:: Task details ::
Copy down every line of the data that follows exactly. Omit the pictures.

[[ Source data open ]]

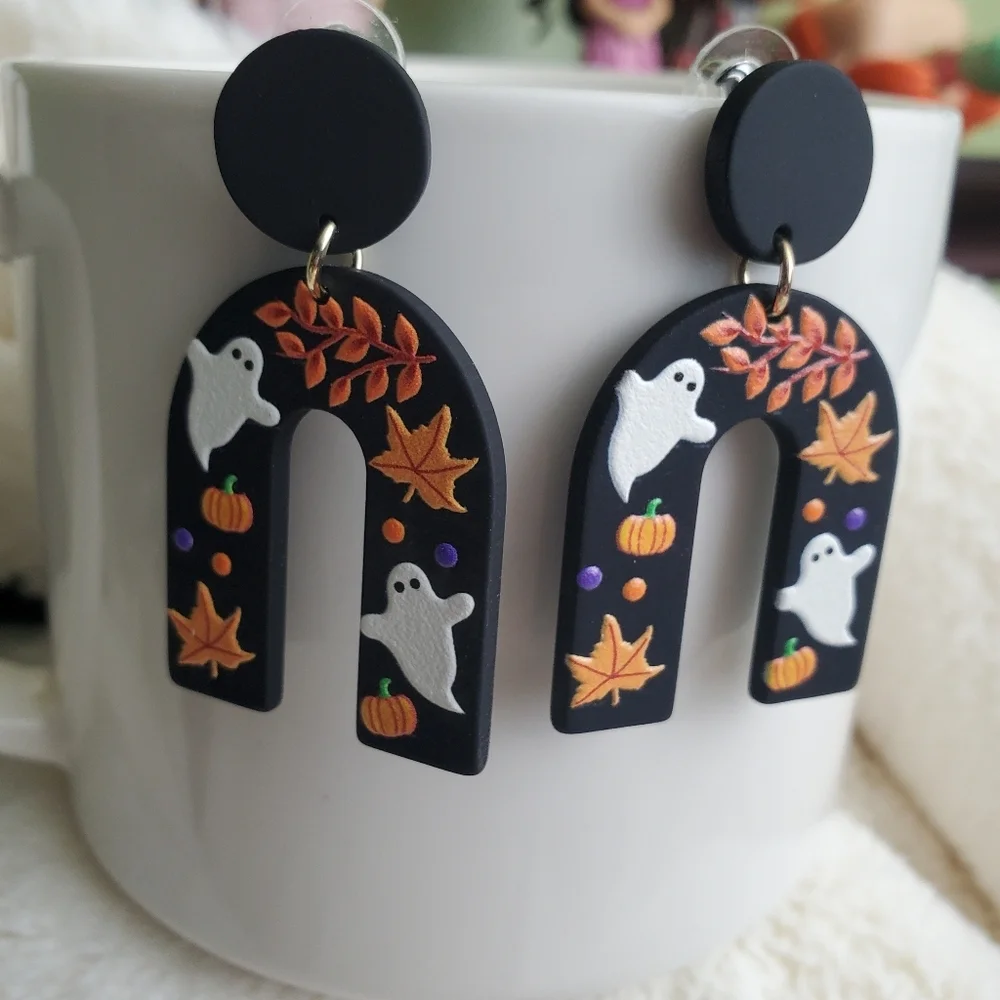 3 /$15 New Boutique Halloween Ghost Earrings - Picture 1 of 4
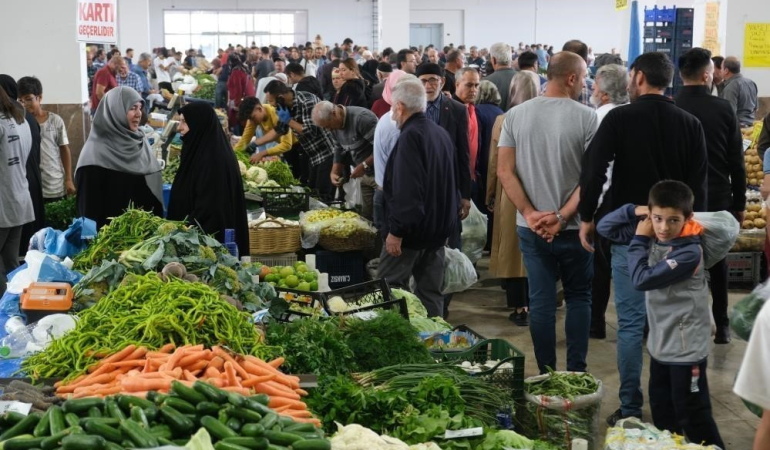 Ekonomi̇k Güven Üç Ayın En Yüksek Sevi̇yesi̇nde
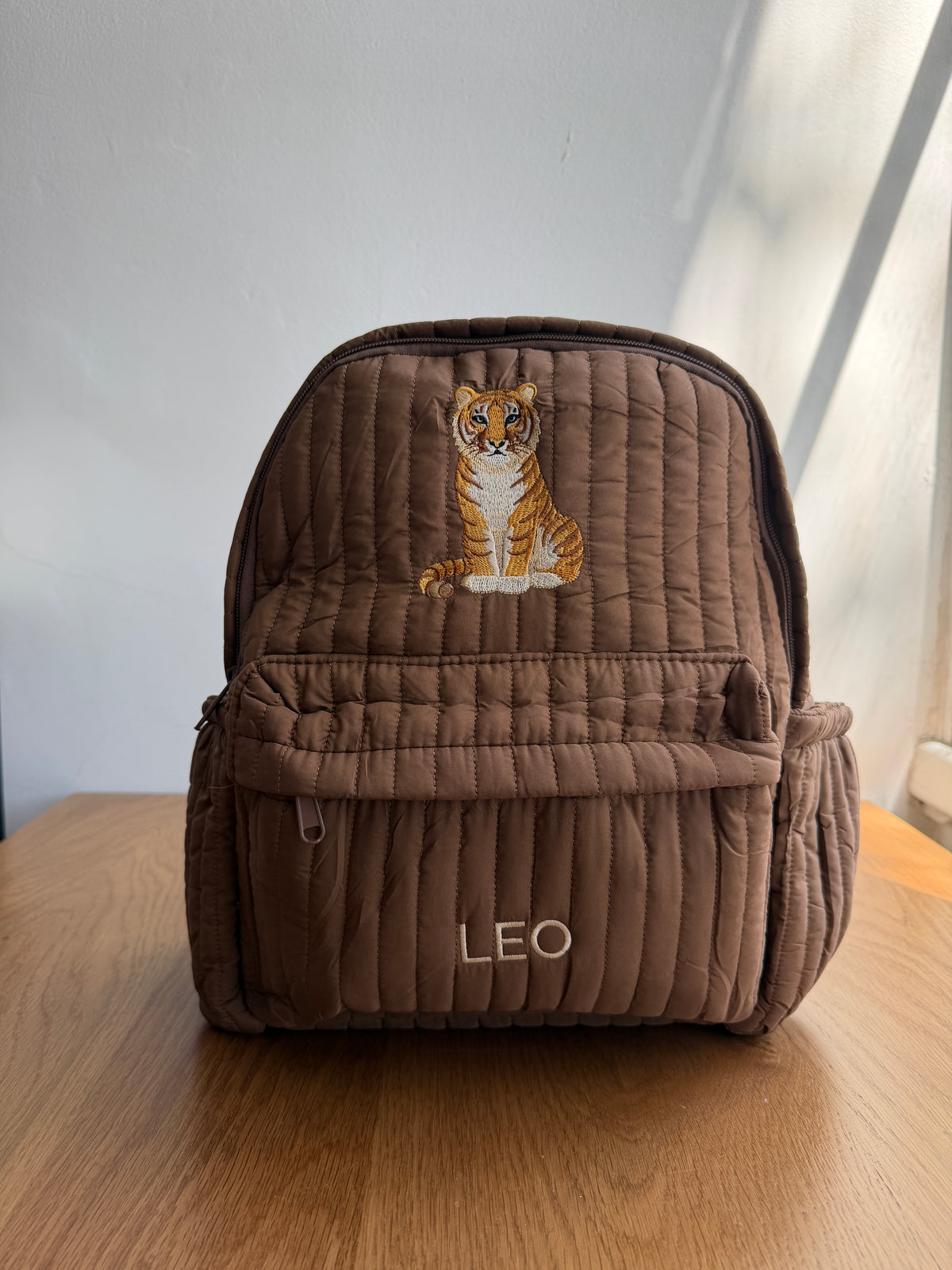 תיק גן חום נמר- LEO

[[ Source data closed ]]

:: Task result ::
 3 /$15 New Boutique Halloween Ghost Earrings - Picture 1 of 4
 Ekonomi̇k Güven Üç Ayın En Yüksek Sevi̇yesi̇nde
 תיק גן חום נמר- LEO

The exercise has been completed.